I understand the IMF is in town to review Ghana’s 3-year Extended Credit Facility (ECF) Program.
The international community and the financial markets are likely to closely monitor the outcome of the Program review.
Going forward, they will be keen to know whether the IMF will with Ghana revise the program to enable the government fund its campaign promises without any regards to the stability and strength of the economy.
It will be recalled that this was the stance espoused by the Senior Minister during his vetting but bearing in mind that the same IMF declined to give the previous administration the needed fiscal space to fix the energy challenges of the country. It also refused to give the NDC administration the required fiscal space for additional extraordinary expenditure for the conduct of the 2016 elections.
All this mean watching the IMF to allow the current government to implement the program substantively, as originally structured by the previous administration with the aim of achieving macro economic stability.
The critical assurance that market watchers are keen to note is whether the IMF will insist on certain prior actions and criteria. It will be recalled that the IMF Ghana Team insisted that the then NDC administration implements these measures before even taking the Program to IMF Board of Directors for approval. Will they be intact or these will be removed, as the budget already seem to suggest? Infact, there were similar pressures during the past 3 reviews, that many had insisted were drastic by even a dogmatic IMF standard.

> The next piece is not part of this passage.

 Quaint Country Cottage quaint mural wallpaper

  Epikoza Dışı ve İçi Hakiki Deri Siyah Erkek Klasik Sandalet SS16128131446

Already, market watchers are concerned that prior actions such as;
1. the special petroleum tax have been reduced from 17.5% to 15%.
2. The 1% component on the special import levy, which the IMF had insisted must be justified as prior action before review, has been abolished (The 2% however remains)
3. Excise duty on petroleum products has been abolished and the flat rate of 3% has been reintroduced to cover retailers and, quite strangely, wholesalers. A Previous IMF expert’s viewpoint that became a prior Action and international best practices is that this will weaken the VAT mechanism, erode its base, undermine compliance and breed corruption.
In essence, the critical point for market watchers is whether the IMF is already treating this government with kids gloves, as compared to the previous government.